- RECORDS FOR THIS EXERCISE:
□ □ □ □ □ □ □
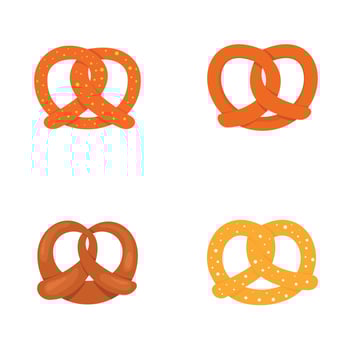Pretzel oktober fest icons set, flat style vector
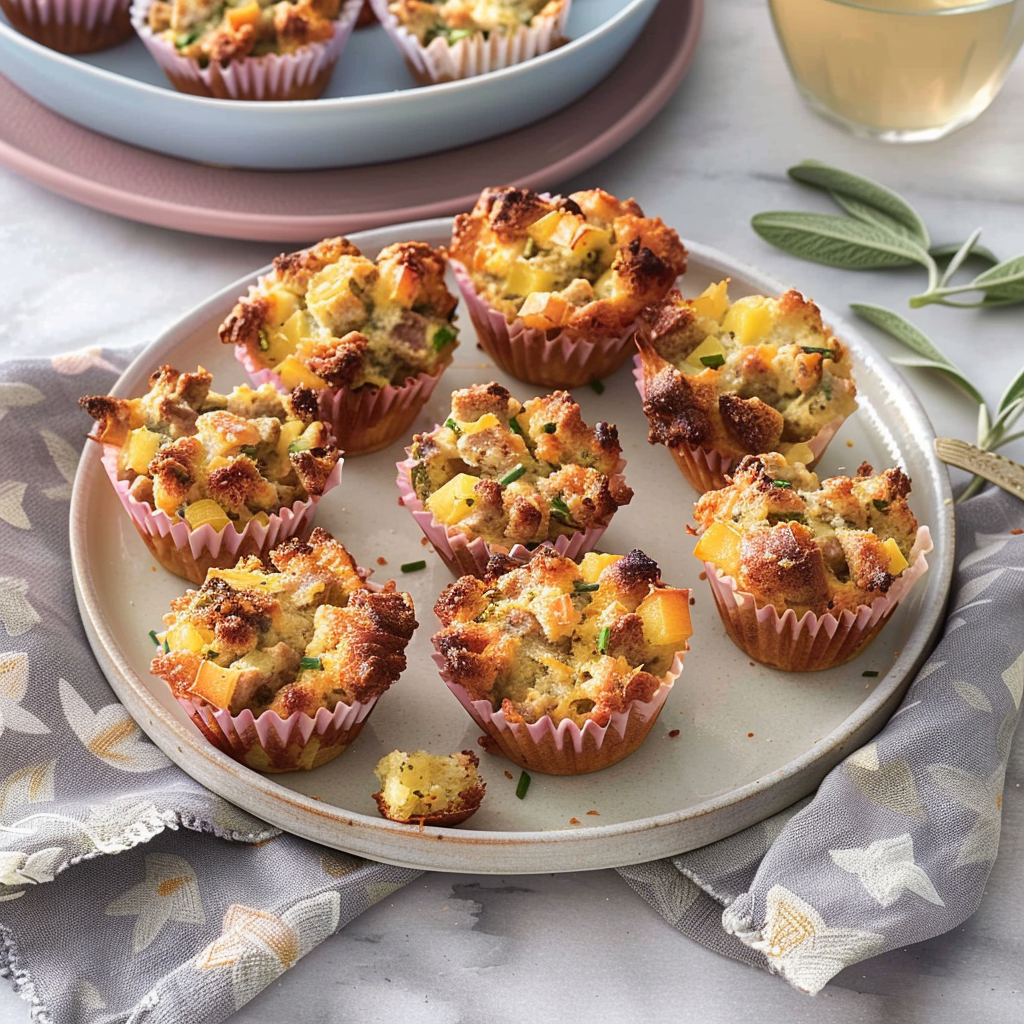 Recipe preparation for Holiday Sausage & Apple Stuffing Muffins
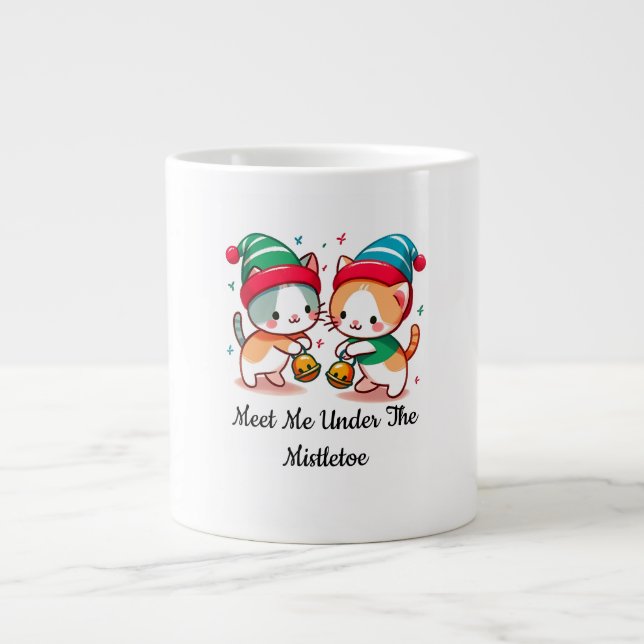 Christmas Cute Cat Meet Me Under The MistleToe Jumbo Mugg (Framsidan)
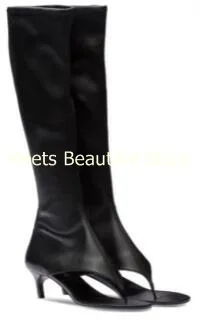 Summer New Women Leather Clip Toe Knee High Thong Boots Female 50mm Heels Slim Slip On Elastic Long Botas Shoes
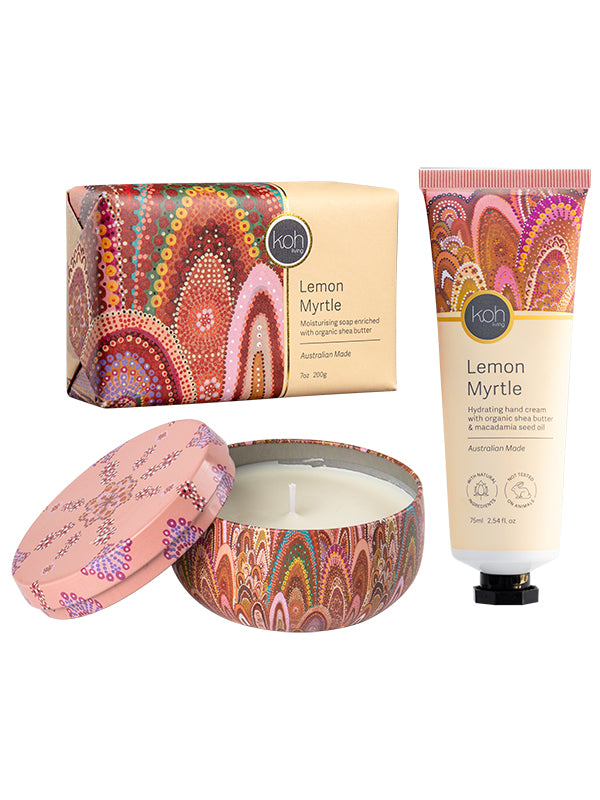 pampering gift sets for her featuring Australian lemon myrtle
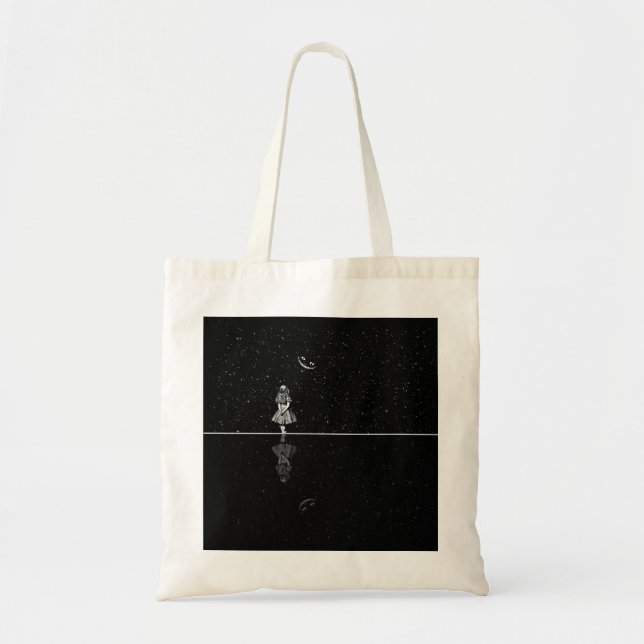 Tote Bag Alice dans la nuit étoilée du pays des merveilles (Devant)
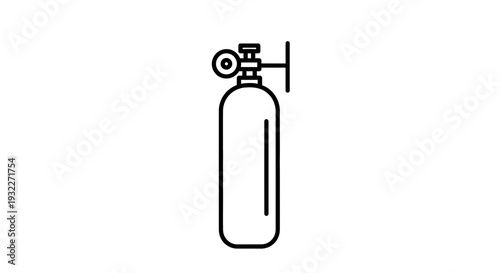 Oxygen Tank Icon - Medical Gas Cylinder with Regulator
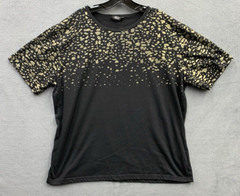 Coofandy Graphic Tee T-Shirt 3D Print Black Gold Splatter Crew Neck Size XL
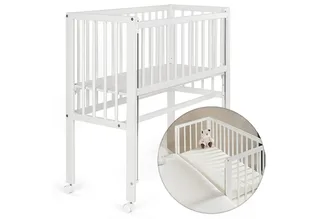 Beistellbett Vario 2in1 - 2-tlg., Stubenwagen auch für Boxspringbett Gitterbett verstellbar mit Rollen von Fillikid in Weiß – Produktfoto 1 von 5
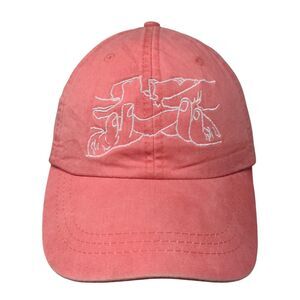 Adams Slideback Hat Pink One Size Embroidered Errybodyeats Leather Strap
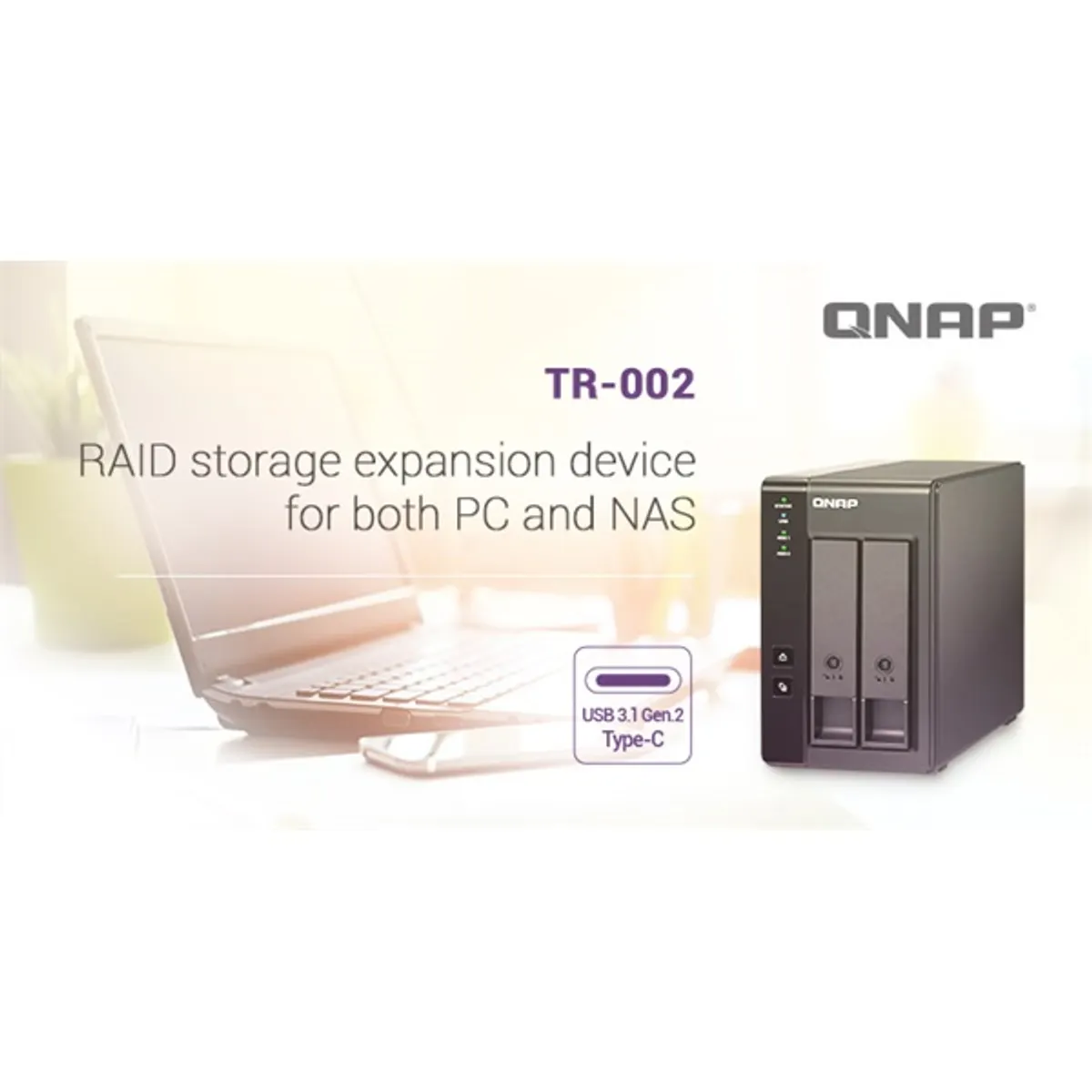 QNAP TR-002 2-bay USB 3.2 Gen 2 Type-C hardveres RAID bővítőegység #4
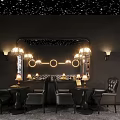Modern Bar Interior With Hanging Lights Bar Counter Stools And Drink Shelves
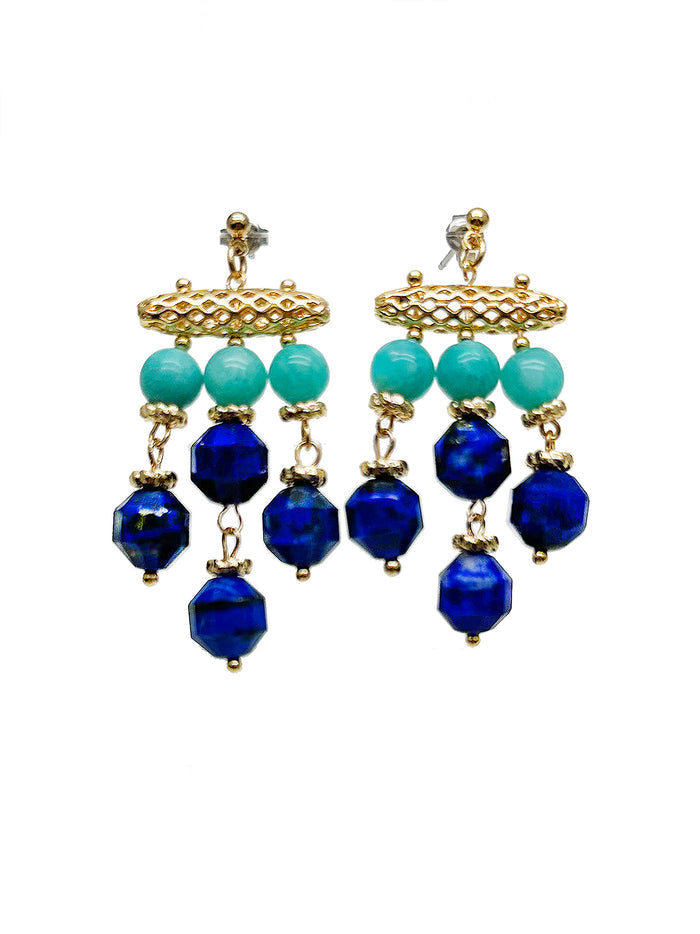 Bohemia Style Green Amazoniite and Lapis Tassel Earrings JE042 - FARRA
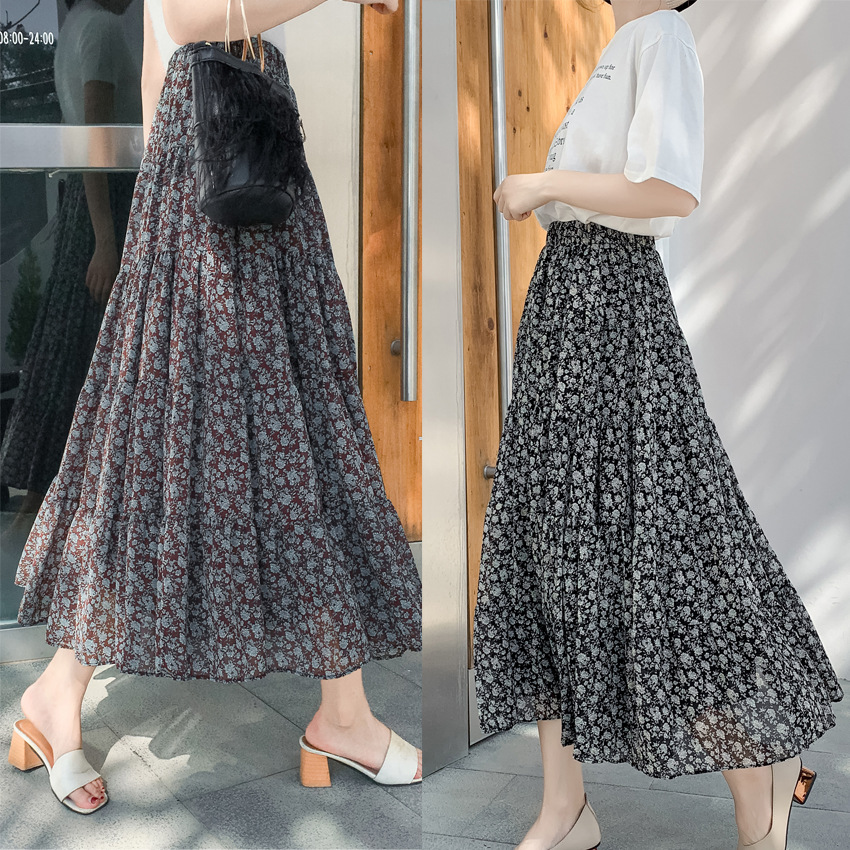 Title 2, Retro High Waist All-match Floral Chiffon Skirt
□ □ □ □ □ □ □
- ASSIGNMENT: Without copying any picture, write out all of the material exactly as it reads.

- EXERCISE RESULT:
Pretzel oktober fest icons set, flat style vector
 Recipe preparation for Holiday Sausage & Apple Stuffing Muffins
 Christmas Cute Cat Meet Me Under The MistleToe Jumbo Mugg (Framsidan)
 Summer New Women Leather Clip Toe Knee High Thong Boots Female 50mm Heels Slim Slip On Elastic Long Botas Shoes
 pampering gift sets for her featuring Australian lemon myrtle
 Tote Bag Alice dans la nuit étoilée du pays des merveilles (Devant)
 Oxygen Tank Icon - Medical Gas Cylinder with Regulator
 Coofandy Graphic Tee T-Shirt 3D Print Black Gold Splatter Crew Neck Size XL
 Beistellbett Vario 2in1 - 2-tlg., Stubenwagen auch für Boxspringbett Gitterbett verstellbar mit Rollen von Fillikid in Weiß – Produktfoto 1 von 5
 Adams Slideback Hat Pink One Size Embroidered Errybodyeats Leather Strap
 QNAP TR-002 2-bay USB 3.2 Gen 2 Type-C hardveres RAID bővítőegység #4
Modern Bar Interior With Hanging Lights Bar Counter Stools And Drink Shelves
 Bohemia Style Green Amazoniite and Lapis Tassel Earrings JE042 - FARRA
 Title 2, Retro High Waist All-match Floral Chiffon Skirt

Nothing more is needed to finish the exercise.